Wombwell Rainbow Interviews
I am honoured and privileged that the following writers local, national and international have agreed to be interviewed by me. I gave the writers two options: an emailed list of questions or a more fluid interview via messenger.
The usual ground is covered about motivation, daily routines and work ethic, but some surprises too. Some of these poets you may know, others may be new to you. I hope you enjoy the experience as much as I do.

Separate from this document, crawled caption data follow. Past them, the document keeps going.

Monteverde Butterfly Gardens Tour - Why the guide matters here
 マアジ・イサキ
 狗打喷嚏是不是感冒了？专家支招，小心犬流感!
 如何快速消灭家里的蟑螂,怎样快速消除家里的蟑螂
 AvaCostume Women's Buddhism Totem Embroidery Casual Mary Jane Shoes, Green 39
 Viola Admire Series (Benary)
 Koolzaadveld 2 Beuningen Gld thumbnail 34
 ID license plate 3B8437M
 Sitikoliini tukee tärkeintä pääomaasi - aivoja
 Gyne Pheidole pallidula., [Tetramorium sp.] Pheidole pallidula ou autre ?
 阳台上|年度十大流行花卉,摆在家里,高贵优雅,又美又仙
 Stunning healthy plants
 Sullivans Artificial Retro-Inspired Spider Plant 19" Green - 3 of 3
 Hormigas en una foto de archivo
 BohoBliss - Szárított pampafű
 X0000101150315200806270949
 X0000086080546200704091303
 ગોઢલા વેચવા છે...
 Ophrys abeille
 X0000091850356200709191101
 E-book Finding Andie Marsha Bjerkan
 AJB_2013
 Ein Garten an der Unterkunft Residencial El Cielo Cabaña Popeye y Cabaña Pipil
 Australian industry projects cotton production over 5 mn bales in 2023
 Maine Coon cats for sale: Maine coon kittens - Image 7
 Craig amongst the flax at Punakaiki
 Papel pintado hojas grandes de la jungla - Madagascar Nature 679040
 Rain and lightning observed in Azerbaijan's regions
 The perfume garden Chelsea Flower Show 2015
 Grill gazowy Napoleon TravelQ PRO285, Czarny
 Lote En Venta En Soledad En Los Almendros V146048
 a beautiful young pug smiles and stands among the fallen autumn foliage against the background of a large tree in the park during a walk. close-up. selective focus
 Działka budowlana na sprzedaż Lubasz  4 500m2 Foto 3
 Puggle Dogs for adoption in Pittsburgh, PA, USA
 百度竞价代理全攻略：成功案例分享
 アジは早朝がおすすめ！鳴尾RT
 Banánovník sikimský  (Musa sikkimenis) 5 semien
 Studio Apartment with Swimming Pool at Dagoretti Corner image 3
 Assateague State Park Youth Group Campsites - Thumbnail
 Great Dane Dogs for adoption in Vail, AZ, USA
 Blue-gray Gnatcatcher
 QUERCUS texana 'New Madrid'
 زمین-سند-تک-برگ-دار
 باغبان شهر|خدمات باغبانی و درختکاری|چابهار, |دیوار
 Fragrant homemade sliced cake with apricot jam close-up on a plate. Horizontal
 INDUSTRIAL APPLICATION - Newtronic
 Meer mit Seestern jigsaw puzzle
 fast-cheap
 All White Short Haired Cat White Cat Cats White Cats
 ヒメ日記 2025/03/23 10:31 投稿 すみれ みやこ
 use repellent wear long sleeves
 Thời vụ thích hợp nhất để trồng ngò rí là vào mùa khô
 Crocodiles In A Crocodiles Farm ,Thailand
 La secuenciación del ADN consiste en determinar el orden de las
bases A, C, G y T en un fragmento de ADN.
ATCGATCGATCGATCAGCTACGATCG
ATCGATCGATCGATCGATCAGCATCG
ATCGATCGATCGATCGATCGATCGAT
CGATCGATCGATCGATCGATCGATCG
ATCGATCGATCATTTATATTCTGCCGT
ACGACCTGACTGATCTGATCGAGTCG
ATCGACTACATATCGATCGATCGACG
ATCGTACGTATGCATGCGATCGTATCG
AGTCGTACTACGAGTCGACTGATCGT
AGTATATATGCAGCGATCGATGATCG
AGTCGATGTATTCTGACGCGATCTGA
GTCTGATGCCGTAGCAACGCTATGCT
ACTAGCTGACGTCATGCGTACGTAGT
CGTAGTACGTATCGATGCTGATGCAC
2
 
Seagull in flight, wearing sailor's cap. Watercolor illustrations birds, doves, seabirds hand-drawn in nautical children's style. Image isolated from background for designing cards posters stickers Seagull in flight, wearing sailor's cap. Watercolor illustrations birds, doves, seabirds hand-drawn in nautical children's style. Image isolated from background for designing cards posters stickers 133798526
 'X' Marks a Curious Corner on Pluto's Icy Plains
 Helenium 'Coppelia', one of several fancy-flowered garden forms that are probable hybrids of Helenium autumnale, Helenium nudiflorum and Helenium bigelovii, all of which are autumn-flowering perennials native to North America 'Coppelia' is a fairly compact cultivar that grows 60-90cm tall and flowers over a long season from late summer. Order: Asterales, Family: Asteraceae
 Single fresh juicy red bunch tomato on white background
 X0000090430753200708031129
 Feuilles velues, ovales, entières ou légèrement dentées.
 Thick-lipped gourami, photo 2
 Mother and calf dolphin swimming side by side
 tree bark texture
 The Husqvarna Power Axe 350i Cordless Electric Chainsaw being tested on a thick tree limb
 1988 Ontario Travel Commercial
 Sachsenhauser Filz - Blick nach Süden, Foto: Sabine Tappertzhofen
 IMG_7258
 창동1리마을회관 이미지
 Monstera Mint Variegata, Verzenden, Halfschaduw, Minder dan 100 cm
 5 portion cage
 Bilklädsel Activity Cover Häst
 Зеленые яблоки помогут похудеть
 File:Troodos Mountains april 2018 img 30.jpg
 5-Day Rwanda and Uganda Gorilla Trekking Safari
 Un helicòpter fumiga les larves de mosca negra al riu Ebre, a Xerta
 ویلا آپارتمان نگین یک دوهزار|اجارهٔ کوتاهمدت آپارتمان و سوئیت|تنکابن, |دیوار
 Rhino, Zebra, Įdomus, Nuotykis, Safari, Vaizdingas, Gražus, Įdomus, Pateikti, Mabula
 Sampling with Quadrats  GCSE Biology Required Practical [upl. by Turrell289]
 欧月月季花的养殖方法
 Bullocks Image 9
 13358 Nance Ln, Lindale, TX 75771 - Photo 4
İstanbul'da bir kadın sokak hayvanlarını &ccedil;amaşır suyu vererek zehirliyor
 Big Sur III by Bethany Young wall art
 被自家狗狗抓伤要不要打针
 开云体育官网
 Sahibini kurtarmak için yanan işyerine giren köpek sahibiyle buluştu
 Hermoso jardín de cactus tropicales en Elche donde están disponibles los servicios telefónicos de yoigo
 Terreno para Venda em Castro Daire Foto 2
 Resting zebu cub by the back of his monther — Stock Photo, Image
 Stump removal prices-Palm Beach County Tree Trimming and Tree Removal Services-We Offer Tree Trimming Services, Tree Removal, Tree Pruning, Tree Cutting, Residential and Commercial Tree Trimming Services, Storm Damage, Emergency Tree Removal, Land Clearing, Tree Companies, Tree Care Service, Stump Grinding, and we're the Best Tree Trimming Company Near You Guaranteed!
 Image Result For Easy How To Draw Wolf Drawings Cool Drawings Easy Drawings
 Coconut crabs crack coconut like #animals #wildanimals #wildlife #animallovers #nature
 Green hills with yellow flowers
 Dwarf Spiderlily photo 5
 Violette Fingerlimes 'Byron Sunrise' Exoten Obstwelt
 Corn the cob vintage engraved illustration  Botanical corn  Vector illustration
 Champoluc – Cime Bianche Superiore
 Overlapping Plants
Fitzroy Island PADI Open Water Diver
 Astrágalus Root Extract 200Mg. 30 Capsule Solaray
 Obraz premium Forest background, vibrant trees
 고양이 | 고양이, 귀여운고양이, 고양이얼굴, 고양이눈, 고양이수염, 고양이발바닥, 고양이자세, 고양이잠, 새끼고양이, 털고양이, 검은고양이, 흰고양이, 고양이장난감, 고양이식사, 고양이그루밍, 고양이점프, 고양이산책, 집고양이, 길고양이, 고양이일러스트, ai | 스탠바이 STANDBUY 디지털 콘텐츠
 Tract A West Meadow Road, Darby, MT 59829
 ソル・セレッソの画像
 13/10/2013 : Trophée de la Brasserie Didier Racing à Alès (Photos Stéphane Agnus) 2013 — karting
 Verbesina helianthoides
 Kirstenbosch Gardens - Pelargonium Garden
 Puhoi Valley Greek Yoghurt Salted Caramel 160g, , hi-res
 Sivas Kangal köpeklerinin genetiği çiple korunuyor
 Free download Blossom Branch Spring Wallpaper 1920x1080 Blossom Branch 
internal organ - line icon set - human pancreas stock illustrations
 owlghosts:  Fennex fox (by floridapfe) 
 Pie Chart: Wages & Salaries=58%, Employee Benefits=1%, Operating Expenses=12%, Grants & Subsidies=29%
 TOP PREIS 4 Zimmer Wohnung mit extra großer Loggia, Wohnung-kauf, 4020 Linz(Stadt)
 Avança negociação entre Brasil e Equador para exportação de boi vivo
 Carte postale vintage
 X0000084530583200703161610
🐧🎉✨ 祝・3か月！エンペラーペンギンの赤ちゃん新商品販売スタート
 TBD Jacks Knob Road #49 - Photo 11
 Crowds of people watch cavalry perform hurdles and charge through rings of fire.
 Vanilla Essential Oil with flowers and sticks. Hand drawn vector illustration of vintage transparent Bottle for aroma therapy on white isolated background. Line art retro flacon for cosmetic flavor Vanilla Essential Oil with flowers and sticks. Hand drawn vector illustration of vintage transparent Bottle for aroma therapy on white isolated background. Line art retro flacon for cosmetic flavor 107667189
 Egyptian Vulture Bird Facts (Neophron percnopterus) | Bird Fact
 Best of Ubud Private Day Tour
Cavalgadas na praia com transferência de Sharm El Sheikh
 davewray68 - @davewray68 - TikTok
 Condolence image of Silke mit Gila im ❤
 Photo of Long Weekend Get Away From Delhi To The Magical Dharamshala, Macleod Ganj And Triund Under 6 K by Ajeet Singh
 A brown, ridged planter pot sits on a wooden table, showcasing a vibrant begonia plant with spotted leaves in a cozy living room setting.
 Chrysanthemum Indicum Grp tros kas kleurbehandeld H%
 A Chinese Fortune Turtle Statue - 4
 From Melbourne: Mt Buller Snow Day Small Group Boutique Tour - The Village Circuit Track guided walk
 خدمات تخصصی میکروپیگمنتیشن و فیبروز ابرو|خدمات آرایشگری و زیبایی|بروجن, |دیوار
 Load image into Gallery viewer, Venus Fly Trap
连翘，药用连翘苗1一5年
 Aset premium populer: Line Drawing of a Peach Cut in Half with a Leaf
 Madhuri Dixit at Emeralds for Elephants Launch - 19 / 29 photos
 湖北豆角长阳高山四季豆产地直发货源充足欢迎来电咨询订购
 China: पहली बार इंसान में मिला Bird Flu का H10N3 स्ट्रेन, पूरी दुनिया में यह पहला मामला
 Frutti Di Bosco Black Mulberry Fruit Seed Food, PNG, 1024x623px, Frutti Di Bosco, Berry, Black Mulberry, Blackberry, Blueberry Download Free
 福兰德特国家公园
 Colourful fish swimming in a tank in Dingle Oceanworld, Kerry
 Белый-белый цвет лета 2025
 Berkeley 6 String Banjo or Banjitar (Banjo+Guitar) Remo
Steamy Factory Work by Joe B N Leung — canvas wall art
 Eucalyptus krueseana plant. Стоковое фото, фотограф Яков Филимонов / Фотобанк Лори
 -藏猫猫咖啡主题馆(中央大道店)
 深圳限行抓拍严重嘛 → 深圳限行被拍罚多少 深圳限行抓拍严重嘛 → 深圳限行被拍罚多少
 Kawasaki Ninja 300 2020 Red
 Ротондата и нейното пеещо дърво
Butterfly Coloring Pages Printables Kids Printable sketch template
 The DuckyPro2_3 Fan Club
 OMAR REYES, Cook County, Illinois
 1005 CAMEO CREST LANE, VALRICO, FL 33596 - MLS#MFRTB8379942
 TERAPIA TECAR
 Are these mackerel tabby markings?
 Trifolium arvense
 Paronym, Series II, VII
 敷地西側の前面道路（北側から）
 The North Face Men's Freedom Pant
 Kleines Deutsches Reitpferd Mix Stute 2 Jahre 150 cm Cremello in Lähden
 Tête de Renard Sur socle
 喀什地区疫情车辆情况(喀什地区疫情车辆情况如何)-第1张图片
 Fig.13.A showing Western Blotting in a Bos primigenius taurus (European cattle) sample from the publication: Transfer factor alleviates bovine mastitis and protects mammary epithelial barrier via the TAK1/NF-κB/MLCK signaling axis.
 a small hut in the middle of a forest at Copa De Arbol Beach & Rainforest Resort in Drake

is an Israeli poet with a Canadian background published internationally. She won the international Italian poetry competition Ossi di Seppia for best foreign poet (2019) and was awarded as an outstanding artist by the Ministry of Culture, (Israel, 2015). Both of her last books in Hebrew Orot Nechita (Landing Lights, Iton 77 Press, 2017) and Tinoket (Baby Girl, Emda Press, 2014) won grants from The Acum Association of Authors and her second book Mistakefet kmo Osher (Reflected Like Joy, Gvanim Press, 2002) won The Pais Grant for Culture. She is the author of two short collections originally written in English: Sideways Roots (Kimchi Press, 2017), and Living on a Blank Page (Blue Angel Press, 2008), a multi lingual book Note (Ediciones El nido del fénix, 2019) and couple of books translated into French and Serbian. Her full-length book in English, Promised Lands is forthcoming this year (Finishing Line Press). Her poems have been translated into almost 30 languages and published worldwide in festivals, anthologies and journals including Columbia Journal, World Literature Today, Poetry International, International Poetry Review, Washington Square Review, POEM, Literary Review of Canada, Asymptote, Tok – Writing the New Toronto (Zypher Ptrss), New Voices – Contemporary Writers Confronting the Holocaust (Vallentine Mitchell Press), 101 Jewish Poems for the Third Millennium (Ashland Poetry Press), Room Magazine, Drain Magazine, Circumference and The New Humanist.
1. What inspired you to write poetry?
I don’t think of it as an inspiration but more of a way of evolving a way to respond to the world around me. It started as a way of internally processing my experiences and relationships with my surrounding through language. It happened naturally, starting in a young age. I guess the ability to shape these things into words that are very much my own, having my “fingerprint” and to shape them on the page created an alchemy that can be thought of as inspiring.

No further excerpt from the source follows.